Perhaps I was being a little harsh on the cheese, afterall, I was thinking.
Sadly, the flavour got to me even while the smooth texture was appreciated. It’s slightly sweet and slightly musty, and doesn’t do it for my palate. I think it’s the after taste that bothers me so much.
I understand it’s made from soy, I really do, but it tastes so much like soy beans and not like cream cheese that I couldn’t bear to eat it off the spoon after my first tentative bite. My wife didn’t see this as such a big deal, and thought that in small amounts on crackers it was ok. I remember that when I was living at home, and my parents would buy it, I’d eat it in sandwiches with something strong like chutney or mustard as I was mainly eating it for the creamy texture and because I wasn’t aware that there were any other options then (this was in 2005). I’d probably still have it the same if I didn’t have other options – perhaps cooked into a béchamel or into a linguine for the texture.
However, linguine wasn’t on the menu and I had to make some quick decisions about what to do with it. I decided that, given its strong taste, it wouldn’t work in a straight sour cream, so I made a version of a tzatziki using what was available in the fridge. Sadly, we didn’t have any cucumber (not really a vegetable we eat outside of sushi in our house), but I had some other ingredients that I figured could work in a quick version of the dish. I also decided to do this dip as I was having my friend Christina over for a lunch/dinner and was making Lebanese food. I’d bought tahini and garlic dip, and had made hummus, and hadn’t found a suitable tzatziki replacement. In Lebanese cuisine, it appears it’s more often called a cucumber laban, with tzatziki perhaps being the Greek or Turkish version, but I quite like the name so that’s what I’m sticking with.
Two minute tzatziki
One tub of Kingland soy cream cheese
One garlic shoot (very finely chopped)
Half a lemon’s juice
Soy milk (quick splash)
Optional: Finely chopped mint
I mixed all of the above together with a fork as best possible and then put into a dish to serve. Very straightforward and simple, I didn’t want to blend anything as I wanted to get the chunks of garlic shoot throughout.

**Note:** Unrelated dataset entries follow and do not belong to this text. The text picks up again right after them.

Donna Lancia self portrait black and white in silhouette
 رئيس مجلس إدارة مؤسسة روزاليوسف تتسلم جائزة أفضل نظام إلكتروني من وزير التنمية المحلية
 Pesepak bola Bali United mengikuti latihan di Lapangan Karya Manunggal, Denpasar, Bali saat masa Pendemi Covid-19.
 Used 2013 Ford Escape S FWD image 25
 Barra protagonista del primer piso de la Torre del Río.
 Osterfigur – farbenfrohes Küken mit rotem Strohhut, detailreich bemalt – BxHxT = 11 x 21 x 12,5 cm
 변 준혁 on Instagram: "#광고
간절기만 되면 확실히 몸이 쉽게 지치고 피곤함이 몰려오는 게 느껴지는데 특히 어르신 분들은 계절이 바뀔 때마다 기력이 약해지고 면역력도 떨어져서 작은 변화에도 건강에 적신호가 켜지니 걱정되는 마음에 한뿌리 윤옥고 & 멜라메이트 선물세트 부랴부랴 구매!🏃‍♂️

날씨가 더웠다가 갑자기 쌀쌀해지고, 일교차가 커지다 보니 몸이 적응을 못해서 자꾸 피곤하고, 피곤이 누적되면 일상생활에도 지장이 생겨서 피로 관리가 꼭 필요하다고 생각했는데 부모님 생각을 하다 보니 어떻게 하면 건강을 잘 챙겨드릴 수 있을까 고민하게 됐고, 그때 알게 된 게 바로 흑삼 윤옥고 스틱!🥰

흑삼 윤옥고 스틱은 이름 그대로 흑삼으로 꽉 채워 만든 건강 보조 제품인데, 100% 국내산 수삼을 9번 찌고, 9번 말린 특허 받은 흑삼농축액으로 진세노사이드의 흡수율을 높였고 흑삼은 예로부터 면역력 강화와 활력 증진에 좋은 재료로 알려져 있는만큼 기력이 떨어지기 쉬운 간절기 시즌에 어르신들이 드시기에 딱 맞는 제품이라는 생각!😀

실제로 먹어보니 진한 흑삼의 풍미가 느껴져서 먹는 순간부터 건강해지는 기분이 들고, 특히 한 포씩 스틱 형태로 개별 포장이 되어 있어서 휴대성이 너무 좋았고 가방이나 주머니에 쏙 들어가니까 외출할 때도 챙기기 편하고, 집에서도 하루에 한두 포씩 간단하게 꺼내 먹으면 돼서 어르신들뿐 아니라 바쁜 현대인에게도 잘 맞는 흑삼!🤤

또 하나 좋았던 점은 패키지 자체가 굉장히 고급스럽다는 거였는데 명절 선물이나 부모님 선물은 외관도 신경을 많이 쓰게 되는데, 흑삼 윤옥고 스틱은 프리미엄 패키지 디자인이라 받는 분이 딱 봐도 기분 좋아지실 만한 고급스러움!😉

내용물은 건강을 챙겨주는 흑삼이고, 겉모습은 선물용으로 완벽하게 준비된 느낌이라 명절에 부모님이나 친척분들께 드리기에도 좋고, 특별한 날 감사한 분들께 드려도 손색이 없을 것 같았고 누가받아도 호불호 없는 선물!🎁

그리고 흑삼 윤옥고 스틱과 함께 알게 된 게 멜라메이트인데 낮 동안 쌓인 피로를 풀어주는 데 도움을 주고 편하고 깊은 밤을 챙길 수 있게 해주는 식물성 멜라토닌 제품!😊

I left the mint out, as with mint it reminds me too much of the Indian mint sauce dish, which is lovely but not the intended effect. Parsley and other herbs can also be used, but I didn’t have anything appropriate on hand, so I was left with quite a simple version. I did put a bit of coriander on top for the colour.
It still had that icky soy taste from the cheese, but with the other flavours in the dip and mixed into the wraps it was actually quite tolerable and I didn’t mind scooping it onto the food. It does go some way to melting as a cream cheese should – becoming much softer in a warm wrap.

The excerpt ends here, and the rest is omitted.